Supreme Court keeps Administrative Relief on hold: We at NCLR are deeply disappointed by the Supreme Court’s 4–4 decision yesterday, which keeps DAPA and expanded DACA on hold. The decision ignores decades of legal precedent and disregards the previous uses of discretionary powers by presidents—leaving millions of American families in immigration limbo. The Committee for Immigration Reform Implementation released flyers in English and Spanish for use by community based organizations, available here. For a factsheet in English and Spanish explaining the decision click here.

NCLR President and CEO Janet Murguía said, “We are disappointed and heartbroken at this disheartening moment for families who are part of our American fabric and contribute so much to our nation. Not only does it dash the hopes of individuals, but it keeps our country from reaping the rewards of the social and economic contributions these policies encourage. Our community remains steadfast in our commitment to keeping hardworking families together and we will keep fighting for a permanent solution.” 

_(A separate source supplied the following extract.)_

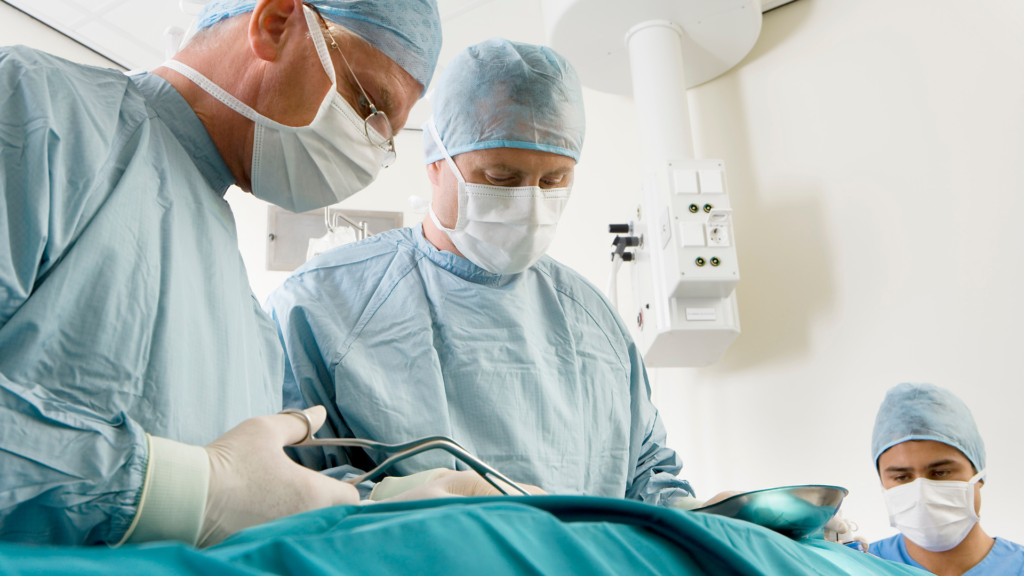 Høyt stoffskifte behandles med en av tre ulike metoder; medikamenter, radiojodbehandling eller kirurgi.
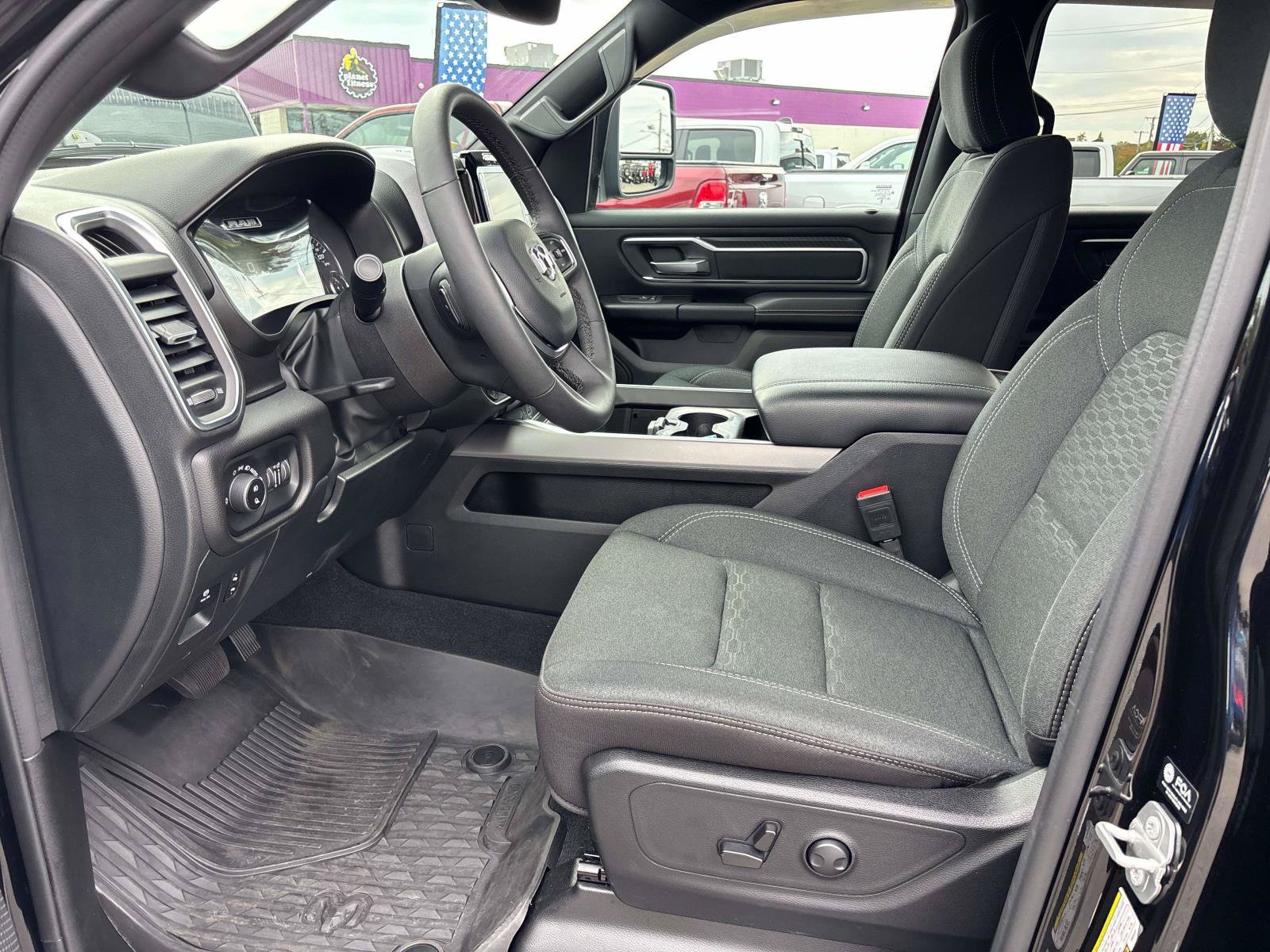 Used 2025 RAM 1500 Big Horn AWD/4WD image 9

Janet also appeared on MSNBC’s Andrea Mitchell Reports, where she predicted the ruling will impact the upcoming elections, saying “I do anticipate that we will see a lot more [voter] mobilization efforts happening as a result of this decision.” Watch below:

We will continue to keep fighting because this is personal for us. Some of the news coverage of the decision included poignant reminders that this is about American families that are deeply embedded in our communities and contributing in so many ways to our country. DACA recipient Luba Cortes writes about what it was like growing up with an undocumented mother in the New York Times. DACA recipients and DAPA hopefuls vow to continue the push for reform in the Los Angeles Times. And a Xavier University student from Ohio shares what administrative relief would have meant to his family in the Cincinnati Enquirer.